─── DATA
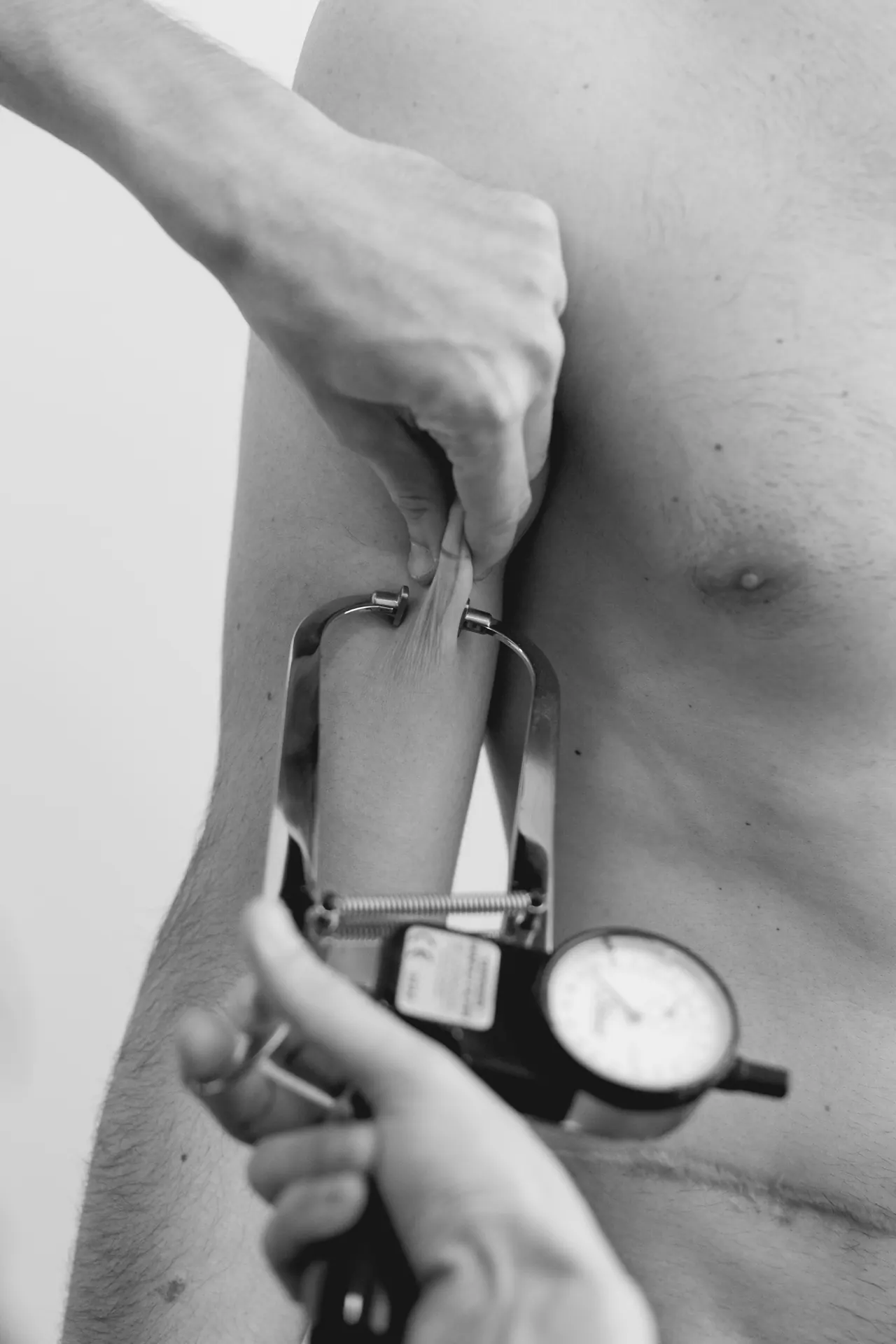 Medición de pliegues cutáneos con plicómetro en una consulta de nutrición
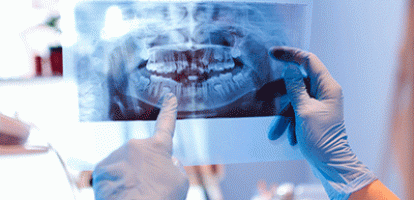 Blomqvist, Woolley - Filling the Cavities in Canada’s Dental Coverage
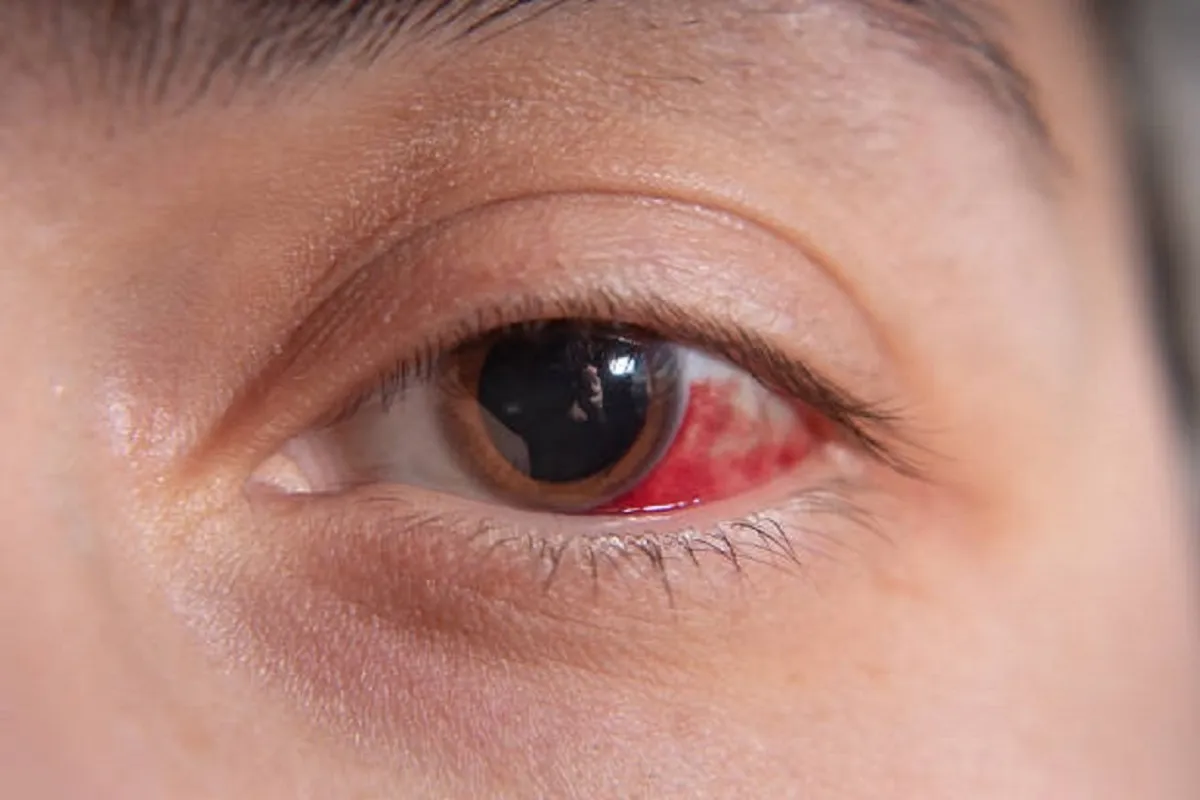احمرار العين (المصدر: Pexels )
──────
PROBLEM:
With the images excluded, reproduce the data above precisely as written.

FINISHED TASK:
 Medición de pliegues cutáneos con plicómetro en una consulta de nutrición
 Blomqvist, Woolley - Filling the Cavities in Canada’s Dental Coverage
احمرار العين (المصدر: Pexels )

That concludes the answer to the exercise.